__What to do__
Using only the entries below, copy exactly the lines that begin at the one with "per le eccessive" and end at the one with "Single black and", both included. Drop the pictures.

__Given data__
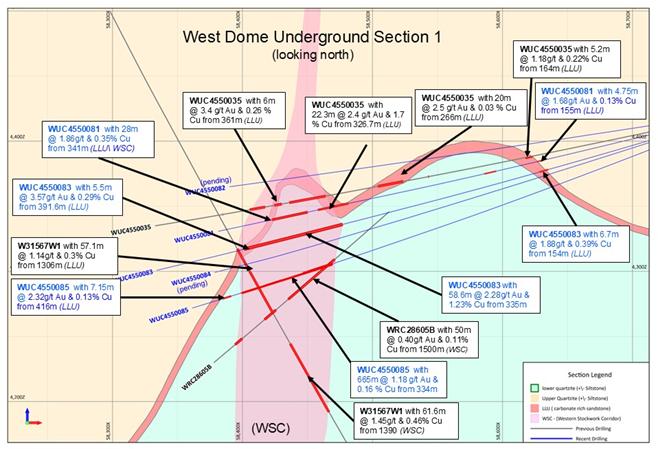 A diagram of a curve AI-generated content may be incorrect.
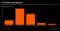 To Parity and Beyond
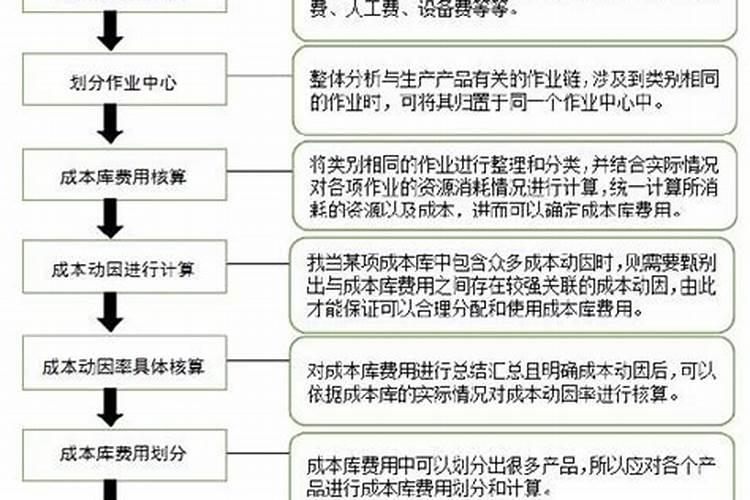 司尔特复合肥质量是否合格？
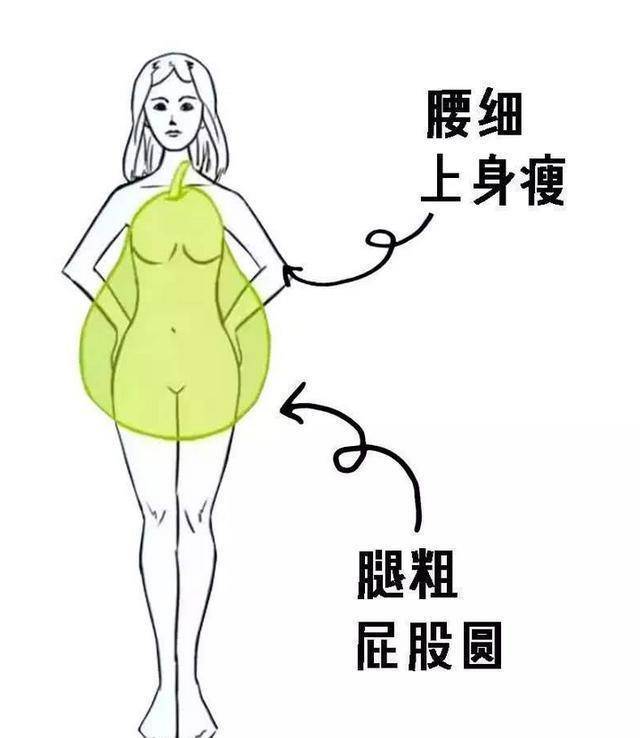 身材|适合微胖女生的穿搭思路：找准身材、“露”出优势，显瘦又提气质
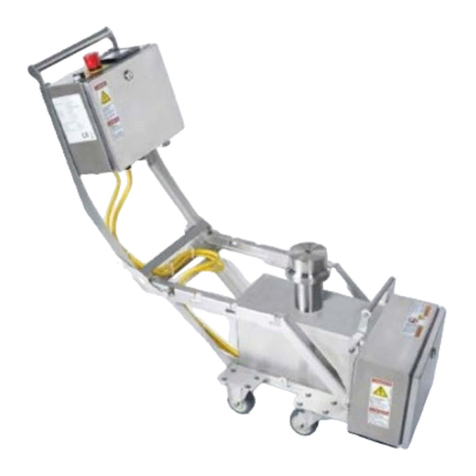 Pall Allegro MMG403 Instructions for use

...

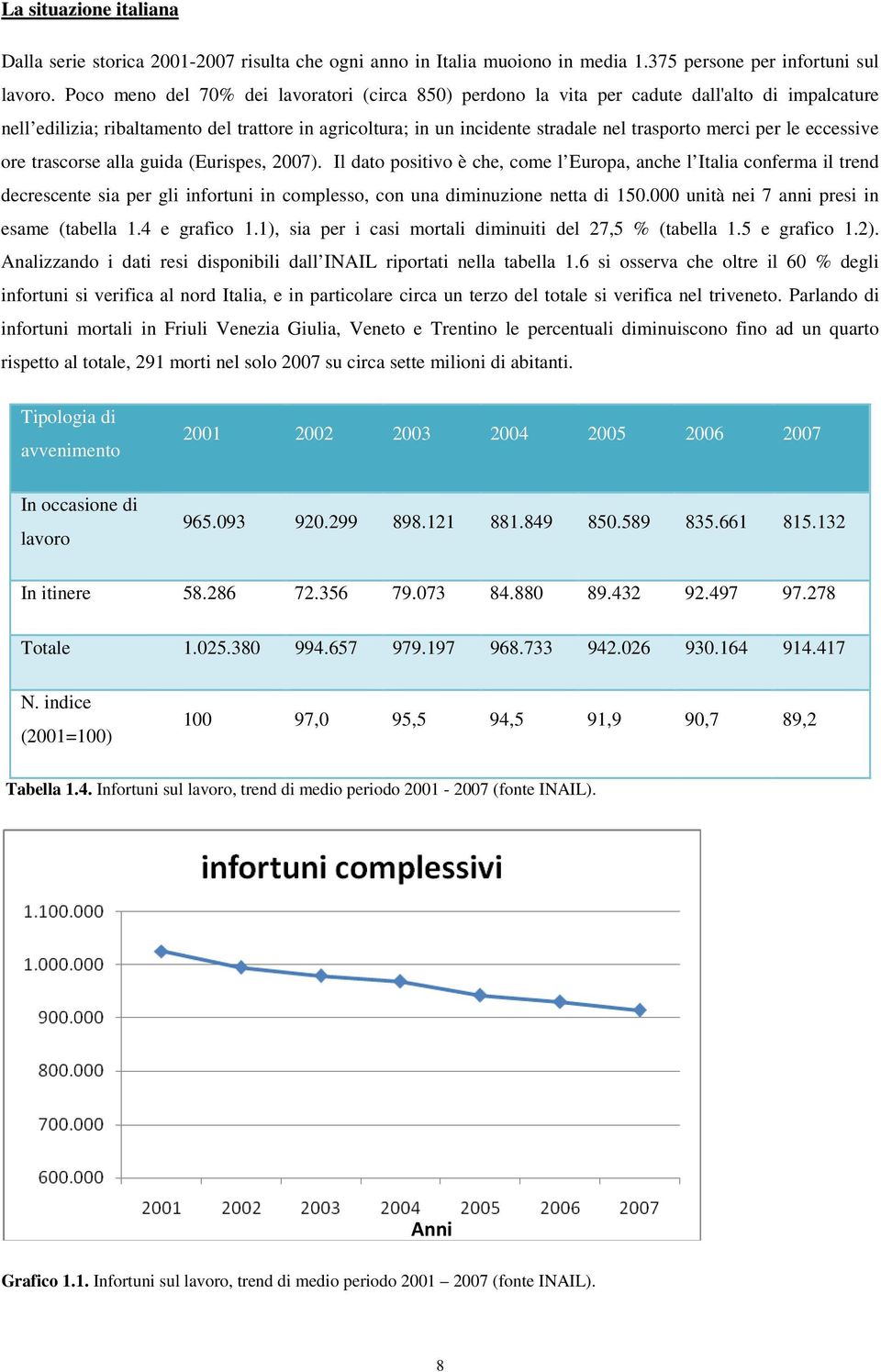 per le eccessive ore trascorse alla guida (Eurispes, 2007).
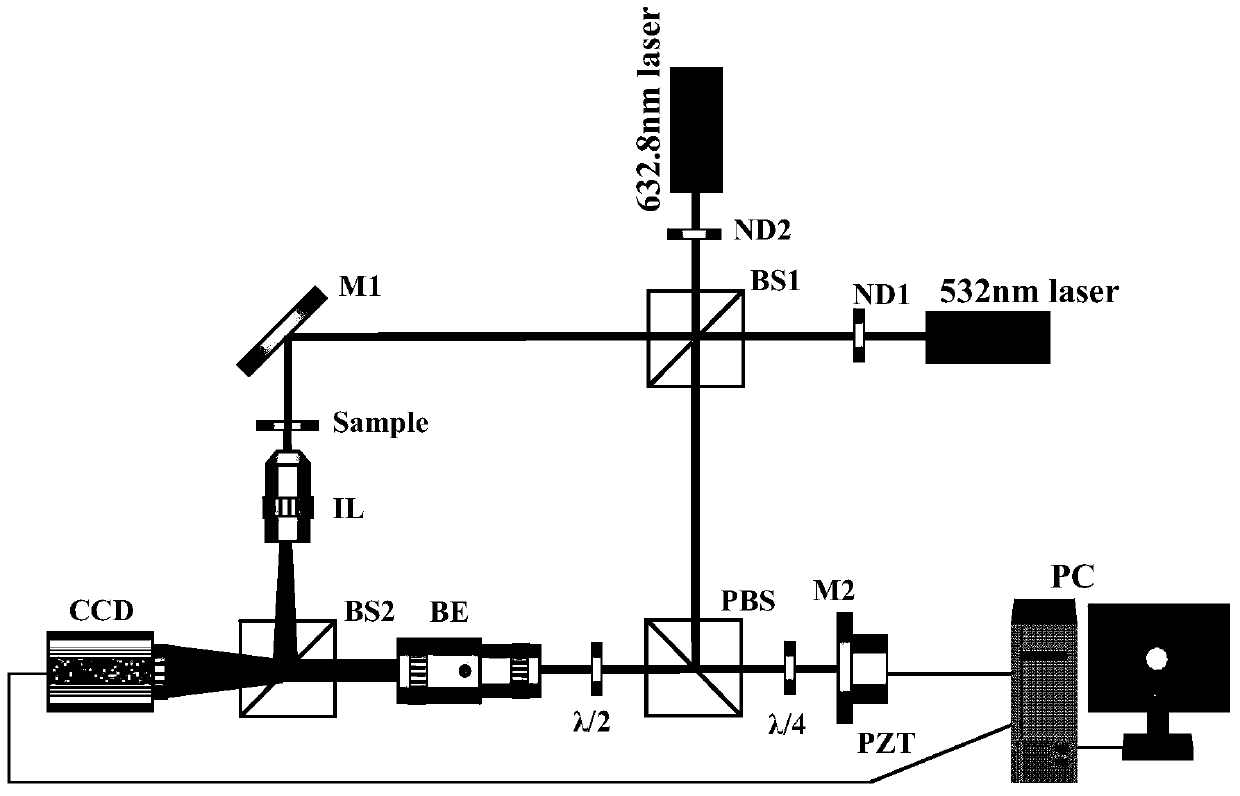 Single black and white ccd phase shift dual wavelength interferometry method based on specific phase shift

__Output of the exercise__
 per le eccessive ore trascorse alla guida (Eurispes, 2007).
 Single black and white ccd phase shift dual wavelength interferometry method based on specific phase shift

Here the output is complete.